2017 10-08 SB Channel
Captain Eric and the crew of the Condor Express took a bold path and chose to not cross the Santa Barbara Channel. Current buoy data showed that island waters were rough and windy as we left Santa Barbara Harbor at 1000 am. Today’s heading was mostly west and stayed in waters deeper than 50 fathoms. We ended up a bit west of Platform Holly, but 6 or 7 miles offshore, at our farthest point.
As has been the case for the past week or more, long-beaked common dolphins were around us and the whales all day long. Groups were mostly spread out but with little clusters of a couple dozen. Our first encounter was with 150 dolphins 5 or 6 miles off the Hope Ranch area. Twenty minutes later a couple hundred additional dolphins found the Condor Express well offshore of More Mesa, and another bunch off Isla Vista.
Around 1130am we were many miles south of Holly where at least 1000 more dolphins were active, and where the first humpback whale found us. It was small, probably a juvenile. Soon a large humpback came in, and then another, and finally a third whale. Seas were moderate and so was the wind. The whales appeared to be shy and meandered around the zone with their dolphin escorts. There were plenty of little calves among the dolphins.
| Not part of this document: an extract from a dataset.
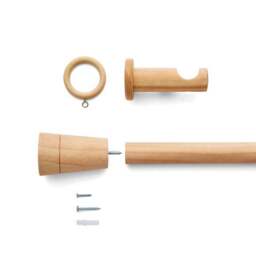 Flute Wood Curtain Pole - thumbnail 3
At 100 pm we thought we saw a western gull picking at a surface sunfish, Mola mola, but it turned out to be a degraded Mylar balloon which Steve picked-up after Eric put him in position.
The last sighting of the day was quite dramatic. By now the seas had subsided and the winds diminished a bit. We got into an area with 4 additional humpback whales, three large and one small. This area was located as Eric steered towards a distant breach. During the next hour the four whales came together, split up, and then congregated once again. One whale spent about a minute kelping, until its pals moved away and left it. Another whale threw its tail a few times.
Totals for the trip included: 8+ humpback whales, 2000 long-beaked common dolphins, 400 California sea lions and 1 Mylar balloon.
You never know what Mother Nature has in store.